Raksasa otomotif Jerman, Volkswagen, baru-baru ini mengumumkan bahwa mereka akan mengintegrasikan perintah suara berbasis AI ke dalam mobilnya khusus untuk pasar China. Mulai paruh kedua tahun ini, semua kendaraan yang dikembangkan berdasarkan sistem mobil Volkswagen di China akan dilengkapi dengan asisten AI yang mampu mengontrol fitur mobil hanya dengan suara.
Thomas Ulbrich, CTO Volkswagen China, mengatakan kepada CNBC bahwa “mobil harus terasa seperti teman”. Ia mengungkapkan bahwa asisten AI dalam mobil ini akan memanfaatkan teknologi dari Tencent, Alibaba, dan Baidu, untuk menciptakan alat dengan “kepribadian” yang dapat memprediksi kebutuhan pengemudi.
Asisten AI ini menggunakan model bahasa besar yang dilatih di lokal dan sepenuhnya berjalan di mobil, bukan di cloud. Ini menunjukkan langkah inovatif Volkswagen untuk memberikan pengalaman berkendara yang lebih personal dan responsif.
Pada acara di Beijing, Volkswagen memperkenalkan empat model mobil baru, termasuk ID. UNYX 09, yang diklaim dikembangkan bersama produsen mobil listrik Xpeng dalam waktu dua tahun. Langkah ini merupakan bagian dari strategi perusahaan untuk mengembalikan pangsa pasar yang hilang, seiring China yang semakin beralih dari mobil berbahan bakar internal ke mobil listrik.
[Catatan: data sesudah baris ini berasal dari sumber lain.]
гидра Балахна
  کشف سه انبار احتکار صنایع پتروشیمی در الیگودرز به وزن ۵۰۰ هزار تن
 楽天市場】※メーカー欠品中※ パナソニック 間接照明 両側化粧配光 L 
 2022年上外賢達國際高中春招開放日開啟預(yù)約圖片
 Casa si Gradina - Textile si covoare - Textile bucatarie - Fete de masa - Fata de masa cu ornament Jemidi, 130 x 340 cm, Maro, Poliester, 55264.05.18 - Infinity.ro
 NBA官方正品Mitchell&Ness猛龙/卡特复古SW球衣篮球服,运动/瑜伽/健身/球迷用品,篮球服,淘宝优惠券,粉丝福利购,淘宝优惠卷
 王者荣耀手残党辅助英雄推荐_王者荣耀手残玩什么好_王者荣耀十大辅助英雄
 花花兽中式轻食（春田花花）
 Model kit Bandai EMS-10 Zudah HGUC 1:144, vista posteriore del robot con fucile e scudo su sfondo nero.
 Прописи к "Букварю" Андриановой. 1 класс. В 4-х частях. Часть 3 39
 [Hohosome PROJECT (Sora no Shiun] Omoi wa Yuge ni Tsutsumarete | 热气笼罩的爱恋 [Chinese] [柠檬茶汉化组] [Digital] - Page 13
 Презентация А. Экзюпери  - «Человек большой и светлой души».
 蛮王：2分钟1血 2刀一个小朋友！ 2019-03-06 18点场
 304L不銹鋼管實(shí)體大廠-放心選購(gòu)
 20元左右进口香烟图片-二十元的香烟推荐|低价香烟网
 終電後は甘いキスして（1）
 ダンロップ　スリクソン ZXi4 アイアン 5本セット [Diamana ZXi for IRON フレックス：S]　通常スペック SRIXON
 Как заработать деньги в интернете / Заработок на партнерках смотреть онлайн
Dalam beberapa tahun terakhir, Volkswagen telah melakukan investasi besar-besaran di China, termasuk mengambil bagian dalam Xpeng dan produsen chip otomotif, Horizon Robotics. Kini, Volkswagen tidak menggunakan chip Nvidia dalam mobilnya di China. Sebagai gantinya, mereka akan menggunakan chip Turing dari Xpeng pada SUV listrik yang mulai dikirimkan pada akhir bulan Juni, sementara proyek chip otomotif canggih bersama Horizon Robotics masih dalam tahap pengembangan.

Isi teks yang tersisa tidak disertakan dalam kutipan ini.